> _Information given_:
+++++
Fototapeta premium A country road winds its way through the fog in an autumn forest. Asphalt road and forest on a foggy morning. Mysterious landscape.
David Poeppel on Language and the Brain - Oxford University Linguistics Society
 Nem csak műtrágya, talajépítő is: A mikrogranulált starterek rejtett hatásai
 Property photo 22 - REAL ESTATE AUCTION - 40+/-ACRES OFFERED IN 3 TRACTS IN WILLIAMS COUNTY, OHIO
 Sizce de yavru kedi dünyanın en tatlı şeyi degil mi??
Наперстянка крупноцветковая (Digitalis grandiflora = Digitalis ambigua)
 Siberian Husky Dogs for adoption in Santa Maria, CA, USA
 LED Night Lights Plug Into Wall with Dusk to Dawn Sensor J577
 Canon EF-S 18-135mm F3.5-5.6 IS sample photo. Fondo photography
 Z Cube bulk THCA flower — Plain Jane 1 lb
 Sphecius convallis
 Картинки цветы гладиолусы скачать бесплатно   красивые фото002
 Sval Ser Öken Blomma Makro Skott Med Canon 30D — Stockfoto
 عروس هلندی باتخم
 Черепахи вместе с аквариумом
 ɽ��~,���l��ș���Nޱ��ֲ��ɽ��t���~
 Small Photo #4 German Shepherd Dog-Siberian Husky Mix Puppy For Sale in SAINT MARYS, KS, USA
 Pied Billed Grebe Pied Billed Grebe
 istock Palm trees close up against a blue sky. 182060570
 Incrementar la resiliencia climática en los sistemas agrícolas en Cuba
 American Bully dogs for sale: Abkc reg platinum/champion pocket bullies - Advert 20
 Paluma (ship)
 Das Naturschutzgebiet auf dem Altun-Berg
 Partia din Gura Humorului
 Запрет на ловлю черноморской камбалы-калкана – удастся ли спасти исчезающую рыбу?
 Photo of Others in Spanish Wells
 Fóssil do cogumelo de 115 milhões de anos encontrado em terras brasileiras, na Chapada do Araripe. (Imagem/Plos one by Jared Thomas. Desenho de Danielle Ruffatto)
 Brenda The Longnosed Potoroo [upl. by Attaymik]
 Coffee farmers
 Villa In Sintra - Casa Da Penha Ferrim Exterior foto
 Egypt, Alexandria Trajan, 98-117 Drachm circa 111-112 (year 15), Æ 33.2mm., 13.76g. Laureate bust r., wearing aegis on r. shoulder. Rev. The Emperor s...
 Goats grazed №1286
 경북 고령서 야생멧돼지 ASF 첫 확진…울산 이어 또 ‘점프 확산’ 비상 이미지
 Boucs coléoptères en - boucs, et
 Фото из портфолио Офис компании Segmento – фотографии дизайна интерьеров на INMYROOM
+++++
> _Task requirements_: Please transcribe only the portion of the material that starts at the line containing "Egypt, Alexandria Trajan, 98-117" and runs through its last line, inclusive, exactly as given.

> _Answer box_:
 Egypt, Alexandria Trajan, 98-117 Drachm circa 111-112 (year 15), Æ 33.2mm., 13.76g. Laureate bust r., wearing aegis on r. shoulder. Rev. The Emperor s...
 Goats grazed №1286
 경북 고령서 야생멧돼지 ASF 첫 확진…울산 이어 또 ‘점프 확산’ 비상 이미지
 Boucs coléoptères en - boucs, et
 Фото из портфолио Офис компании Segmento – фотографии дизайна интерьеров на INMYROOM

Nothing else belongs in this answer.